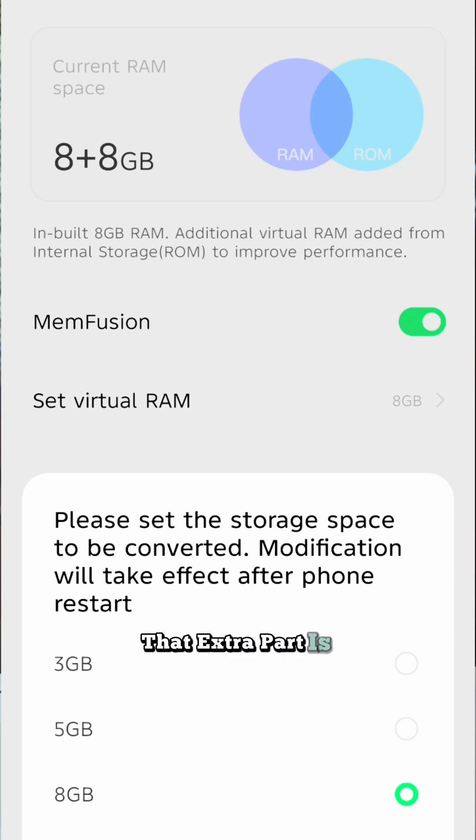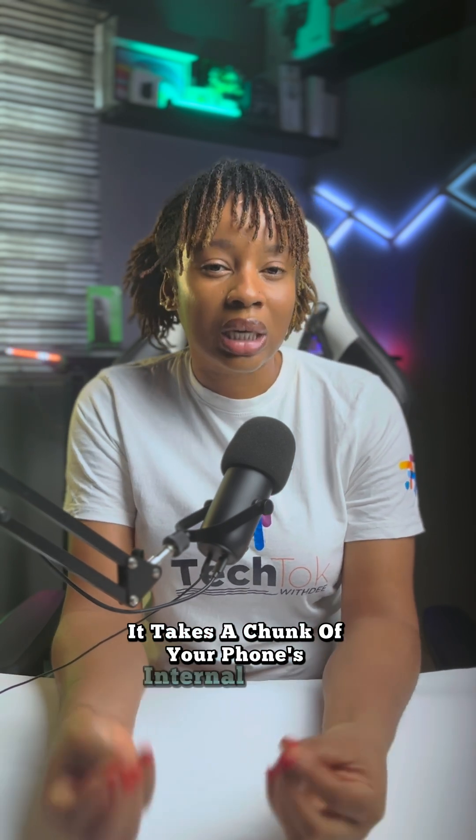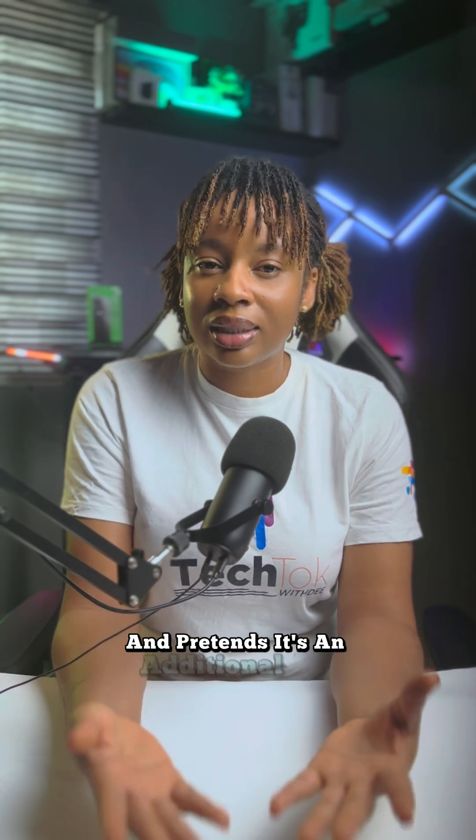That extra part is called virtual RAM. It's like borrowing closet space when your drawers are full. It takes a chunk of your phone's internal storage and pretends it's additional RAM.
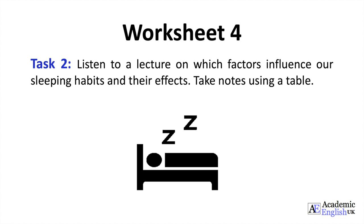Good morning. Today's presentation is about which factors influence our sleeping habits and their effects. According to the NHS, a third of adults suffer from sleep deprivation, mainly due to four main factors. Firstly, and the most significant factor, is stress. Stress, at work or at home, happens when our fight-or-flight response becomes heightened in everyday situations without relaxation in between.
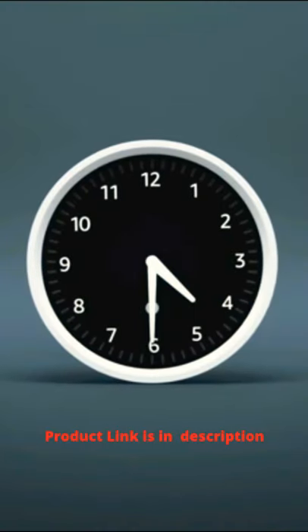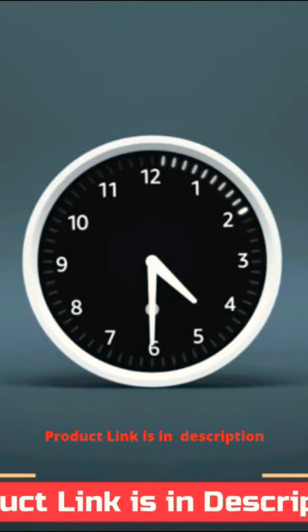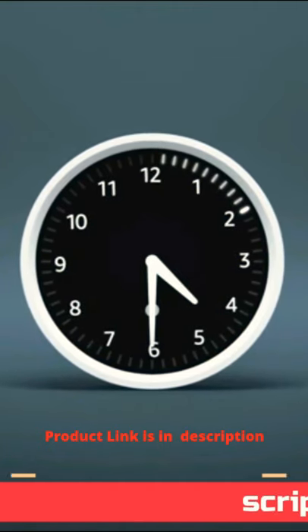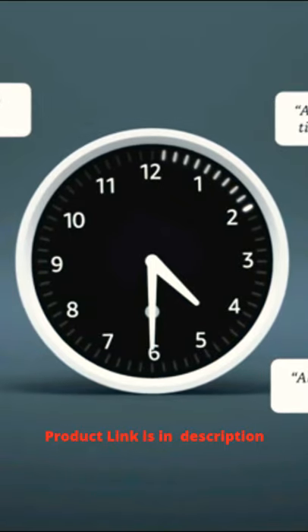Alexa, set cookie timer for 10 minutes. Cookie timer, 10 minutes, starting now. Say hello to Echo Wall Clock. The Echo Wall Clock helps you see one, or all of your timers, at a glance.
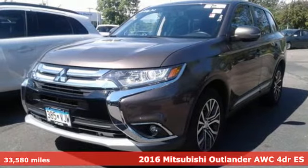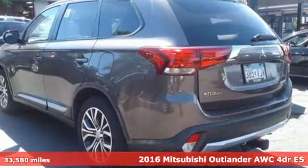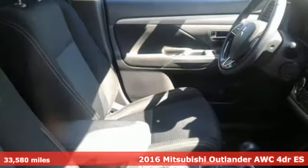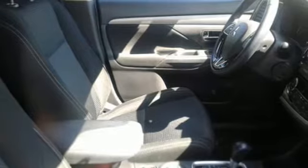Here's a 2016 Mitsubishi Outlander. You can carry the whole family and everything that comes with them in comfort and class. It's well equipped with features you need.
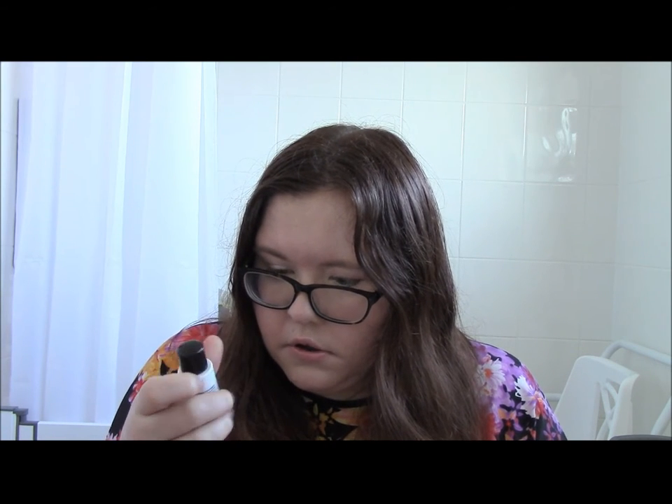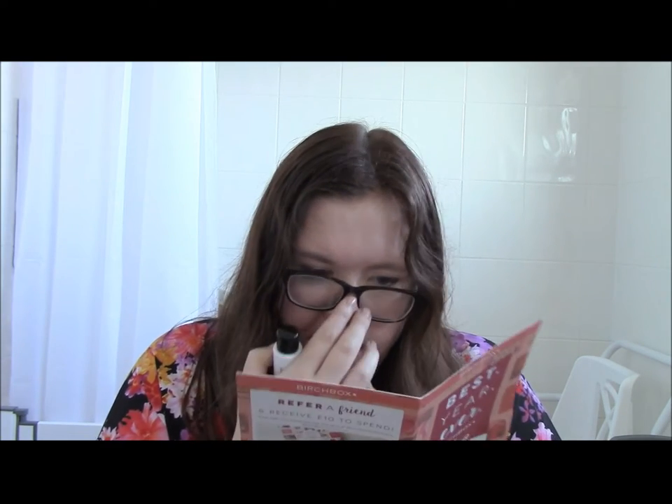Next is Absolution 'Le Soir et Matin' purifying water for eyes and face — so it sounds like a micellar water. They haven't given a size on the packaging again, but the RRP listed is £27, which that size is certainly not going to be worth. Still, micellar water will get used, and that's the main thing.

# THE PROBLEM:
Since the pictures are not wanted, give the material again exactly without them.

# EXPECTED ANSWER:
That extra part is called virtual RAM. It's like borrowing closet space when your drawers are full. It takes a chunk of your phone's internal storage and pretends it's additional RAM.
Good morning. Today's presentation is about which factors influence our sleeping habits and their effects. According to the NHS, a third of adults suffer from sleep deprivation, mainly due to four main factors. Firstly, and the most significant factor, is stress. Stress, at work or at home, happens when our fight-or-flight response becomes heightened in everyday situations without relaxation in between.
Alexa, set cookie timer for 10 minutes. Cookie timer, 10 minutes, starting now. Say hello to Echo Wall Clock. The Echo Wall Clock helps you see one, or all of your timers, at a glance.
Here's a 2016 Mitsubishi Outlander. You can carry the whole family and everything that comes with them in comfort and class. It's well equipped with features you need.
Next is Absolution 'Le Soir et Matin' purifying water for eyes and face — so it sounds like a micellar water. They haven't given a size on the packaging again, but the RRP listed is £27, which that size is certainly not going to be worth. Still, micellar water will get used, and that's the main thing.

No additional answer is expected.